Problem to work on: Everything in the listing below should be repeated exactly, apart from the pictures.

Data records:
--------------------

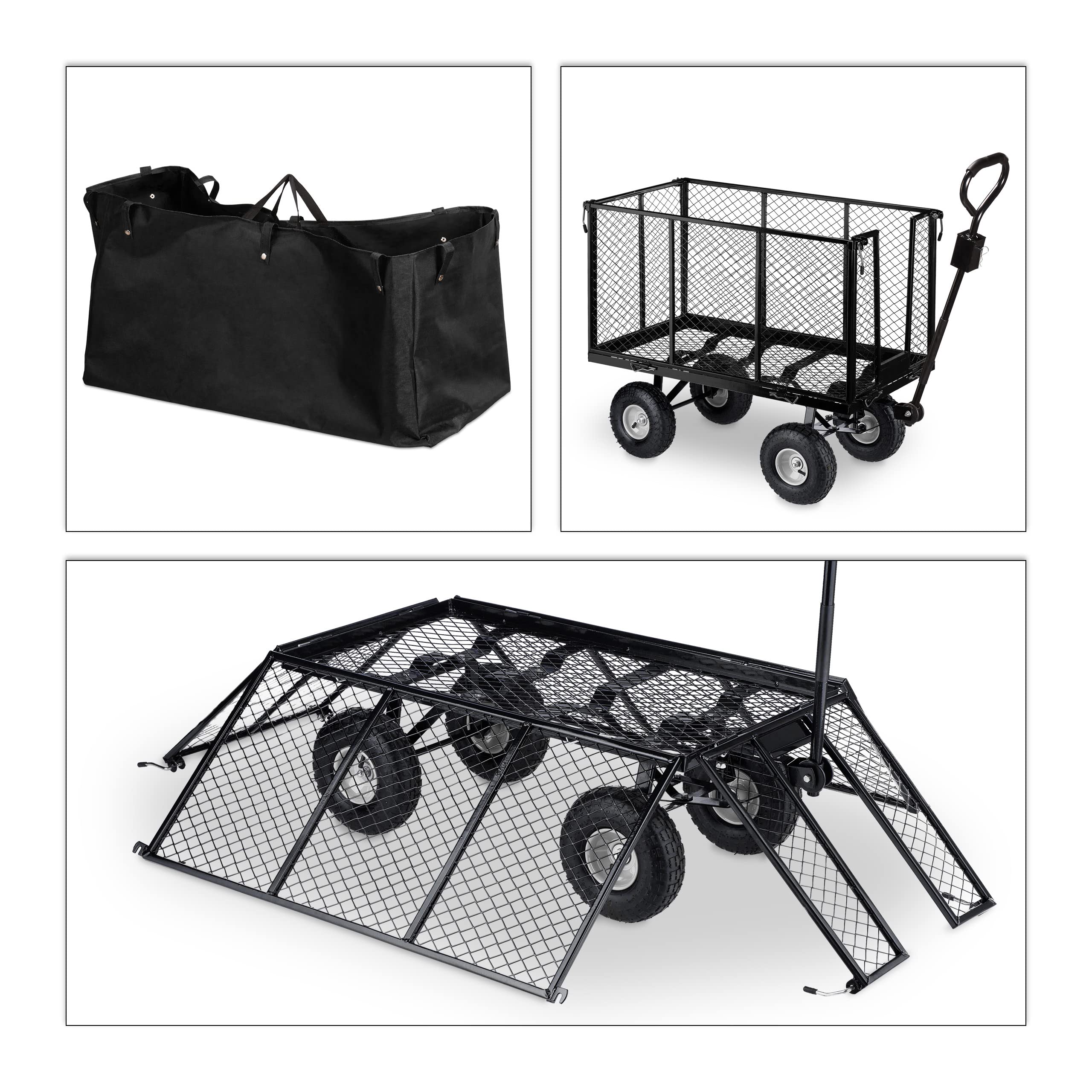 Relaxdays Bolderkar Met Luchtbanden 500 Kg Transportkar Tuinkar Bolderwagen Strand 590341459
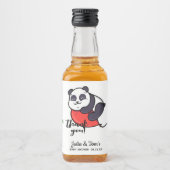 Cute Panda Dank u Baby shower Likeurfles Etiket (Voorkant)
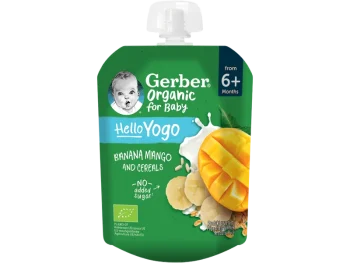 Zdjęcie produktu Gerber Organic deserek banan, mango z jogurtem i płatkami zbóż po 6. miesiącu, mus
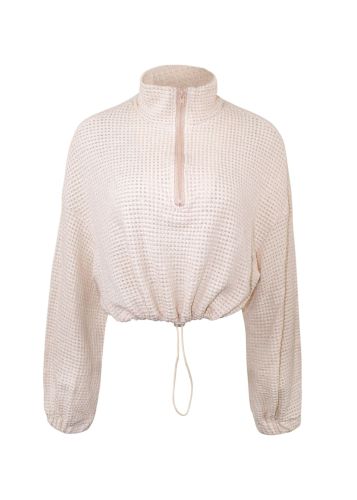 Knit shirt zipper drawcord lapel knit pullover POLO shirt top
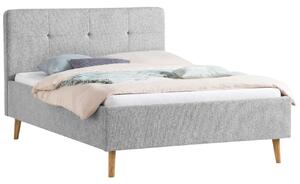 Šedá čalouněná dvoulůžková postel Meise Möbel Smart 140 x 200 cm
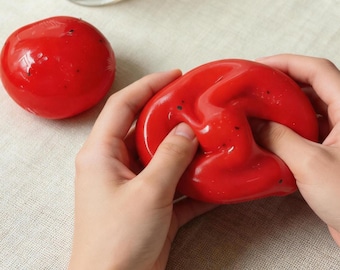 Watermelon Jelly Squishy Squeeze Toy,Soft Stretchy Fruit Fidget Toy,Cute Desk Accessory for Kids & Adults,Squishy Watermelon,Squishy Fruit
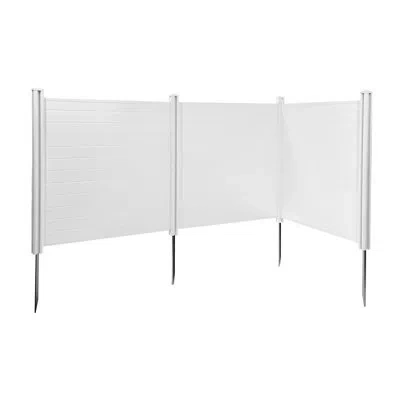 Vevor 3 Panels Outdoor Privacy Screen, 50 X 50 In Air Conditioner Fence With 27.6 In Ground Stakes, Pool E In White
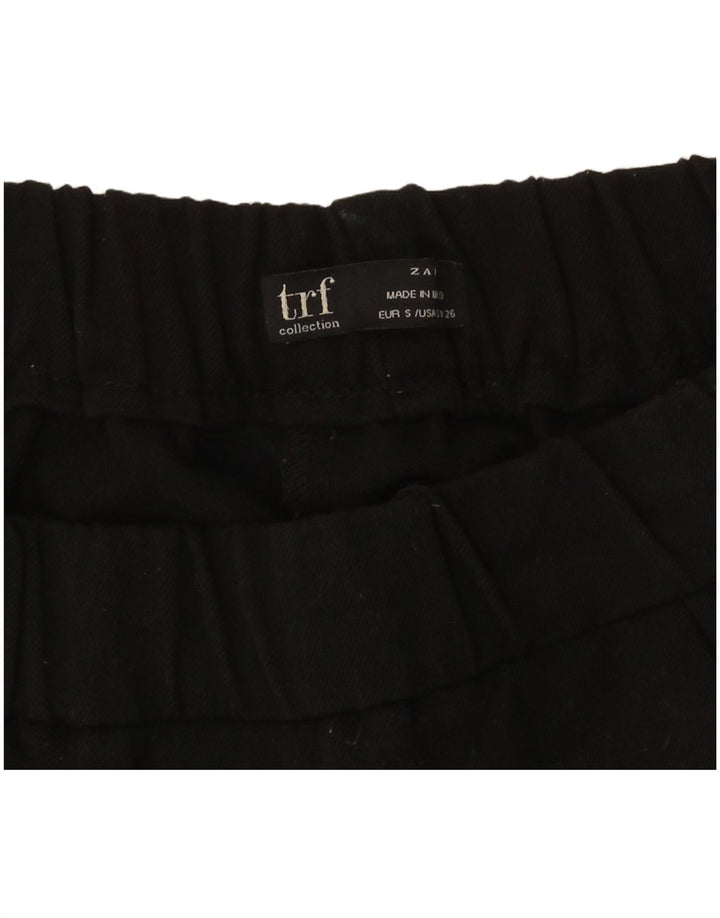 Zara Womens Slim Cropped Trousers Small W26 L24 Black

--------------------

Task answer:
 Relaxdays Bolderkar Met Luchtbanden 500 Kg Transportkar Tuinkar Bolderwagen Strand 590341459
 Cute Panda Dank u Baby shower Likeurfles Etiket (Voorkant)
 Zdjęcie produktu Gerber Organic deserek banan, mango z jogurtem i płatkami zbóż po 6. miesiącu, mus
 Knit shirt zipper drawcord lapel knit pullover POLO shirt top
 Šedá čalouněná dvoulůžková postel Meise Möbel Smart 140 x 200 cm
 Watermelon Jelly Squishy Squeeze Toy,Soft Stretchy Fruit Fidget Toy,Cute Desk Accessory for Kids & Adults,Squishy Watermelon,Squishy Fruit
 Vevor 3 Panels Outdoor Privacy Screen, 50 X 50 In Air Conditioner Fence With 27.6 In Ground Stakes, Pool E In White
 Zara Womens Slim Cropped Trousers Small W26 L24 Black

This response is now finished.